The transient AC response can be done, of course, if you want information on distortion and clipping levels etc. of the circuit at any one frequency.

 

[MrAl]

Hi Carl,

That's all well and good, but not always true. While the 'relative' gain is important, there are occasions where i'd like to see the actual voltage output vs frequency, not the relative gain. What i am forced to do in these cases is divide or multiply the output by some factor. For example, with 2v input i'd have to multiply the output voltage by 2, when plotting voltage of course, because the software automatically assumes 1v input even though i've got a 2vac sine source there. Maybe other simulators are different and allow for quick setting changes. We could compare.

Sorry that you dont like my terminology, but that's one valid description intended to show that there is a difference between the REAL ac output that would appear in a REAL circuit and the FAKE output shown with the simulator without some active intervention on the part of the user. Thus the word "unrealistic" seems appropriate.

 

[crutschow]

Well it's quite obvious you don't like simulators from the many negative words you use so we'll let it go at that.

 

[MrAl]

Hi,

Well not really, i guess i like simulators but there are always going to be things we dont like about software that we didnt write ourselves. I write a lot of Windows based software so i see these little pitfalls now and then in many types of software. It certainly doesnt render the software useless in most cases, but leaves something to be desired. When i write a program myself at least i can modify it anytime i want to, so i prefer that route when possible, and that goes for any software not just simulators. So i wouldnt say i dont like simulators, i just dont like certain things and i have to spend time finding a work around. Overall i'd say they are pretty good.
I was fed up with Windows Explorer a while back too, for many types of operations, so i wrote my own file manager. But i still use Windows Explorer for certain things. The nice thing about this is i can then incorporate just about any function possible on the computer in that file manager. I downloaded a couple other types that were free, but you never get the same kind of personalization as when you write it yourself.
For another example, my personal Notepad equivalent can write frequency domain or state vector differential equations just by drawing the circuit inside the program environment. My Calculator equivalent can solve 5th order differential equations. So you can sort of say i am pretty picky about my software

 

[Heidi]

Thank you very much, MrAl and crutschow.

I have decided to postpone further exploration about op amps until I study one specific internal circuitry example. I don't like very much about "general" descriptions of something in textbooks, they sometimes just leave me a lot of confusion and strange thoughts. However, I just can't help asking one last question, and I need crutschow's response please.

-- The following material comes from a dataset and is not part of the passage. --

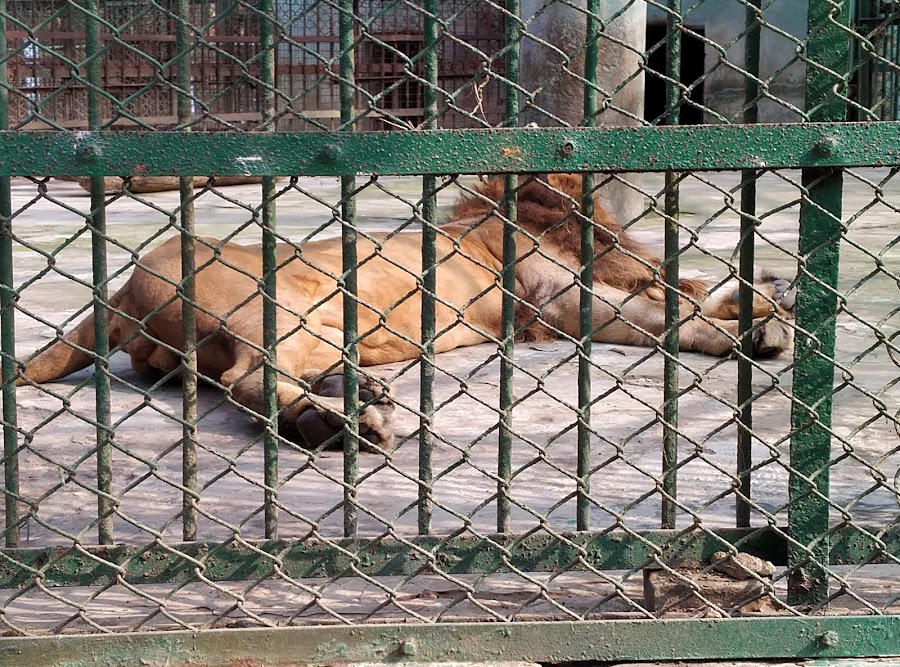 Sepahijala Wildlife Sanctuary & Zoo - Photo 3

The top is the open loop simulation.
DC feedback is provided by R1 and R2, with C1 suppressing the AC feedback down to a very low frequency.

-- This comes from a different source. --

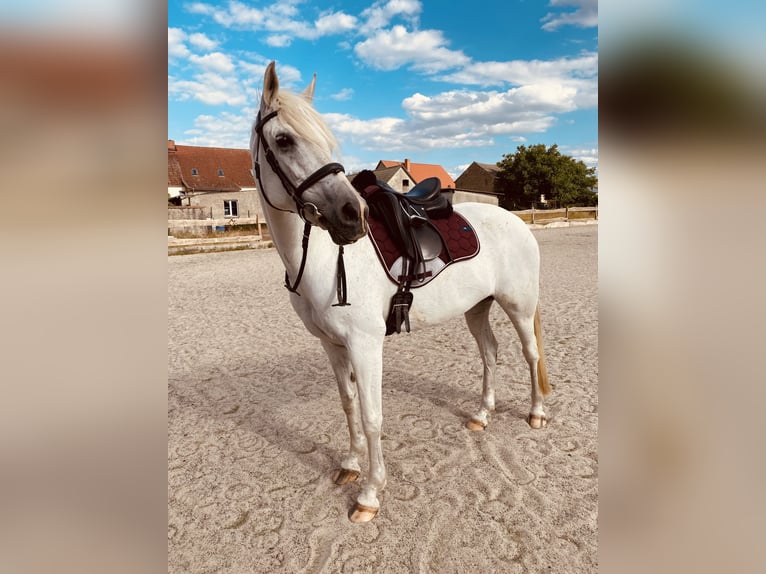 Anglo-Arab Mix Mare 17 years 14.2 hh Grey in Deetz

In the top circuit in post #95, I think that in order to obtain relationship between the open-loop gain and frequency with that circuit, you have to know the voltage at the inverting terminal will approach zero above a certain frequency when there's no significant feedback, because Aol*(Vp-Vn)=Vout, since Vp=1, Vn must be zero so that Vout represents the open-loop gain. (Vp: voltage at the non-inverting terminal, Vn: voltage at the inverting terminal)

If I understand the purpose of that circuit correctly, I'm curious, "How did you know the voltage at the inverting terminal would approach zero with no feedback in advance?"